Although Vera was very frail and had only one lung — she had had numerous operations — she fought back before she was killed. A man heard screams from the hospital grounds, which he assumed had come from a hospital patient.
Killed on: April 4, 1979
The building society worker from Halifax was killed on April 4, 1979, as she walked home after visiting her grandparents.
Her grandmother had been at a church party and returned home late. Josephine was invited to stay the night but decided to walk home as she had work the next day.
Leaving at 11.40pm, she headed through a park where Sutcliffe hit her from behind with a hammer, fracturing her skull from ear to ear. Using a screwdriver, he then stabbed her 21 times.
Killed on: September 20, 1979
Murdered on September 1, 1979, university student Barbara had been in the pub with friends and stayed after closing time to help the landlord collect empties.
As she walked home through Bradford, Sutcliffe pulled over in his car and attacked her with a hammer, before stabbing her with the same screwdriver that he had used on Josephine.
He stuffed her body underneath the steps leading up to her back door. Once again, he was interviewed by police but was not flagged as a suspect.

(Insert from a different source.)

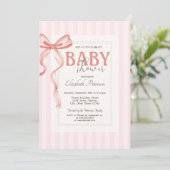 Chic Pink Bow Striping Baby Dusche Einladung (Stehend Vorderseite)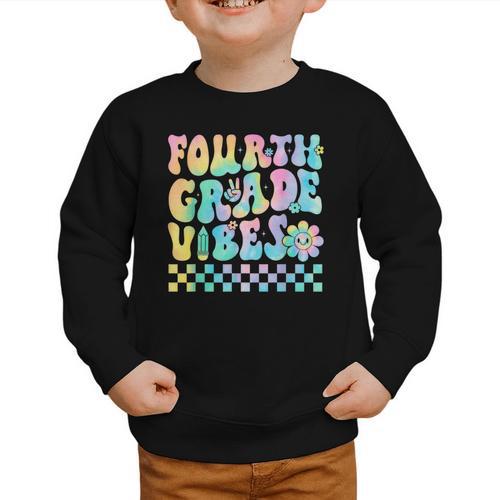 Tie Dye 4th Grade Vibes Fourth Grade Retro Back To School Graphic Toddler Sweatshirt - Savourry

Killed on: August 20, 1980
A civil servant, Marguerite was murdered on August 20, 1980.
She worked at the Department of Education and Science office in the town of Pudsey, near Leeds, and had been working late to make up some extra hours before going away on holiday the next day.
Leaving the office to walk the halfmile home, she was spotted by Sutcliffe who stopped his car and attacked her with a hammer, then strangled her with rope. Her almost naked body was found in a garden, partially covered with leaves.
Killed on: November 17, 1980
The 13th and final known victim of the Ripper was student Jacqueline, who was murdered on November 16, 1980.
She was in the third year of her English degree at Leeds University and had been at a seminar in the city centre, catching a bus back to her halls of residence at 9pm.
Walking the final 100 yards she was followed by Sutcliffe, who hit her on the head and stabbed her.
She suffered four skull fractures. The then Prime Minister Margaret Thatcher had to be talked out of travelling to Leeds to take charge of the investigation.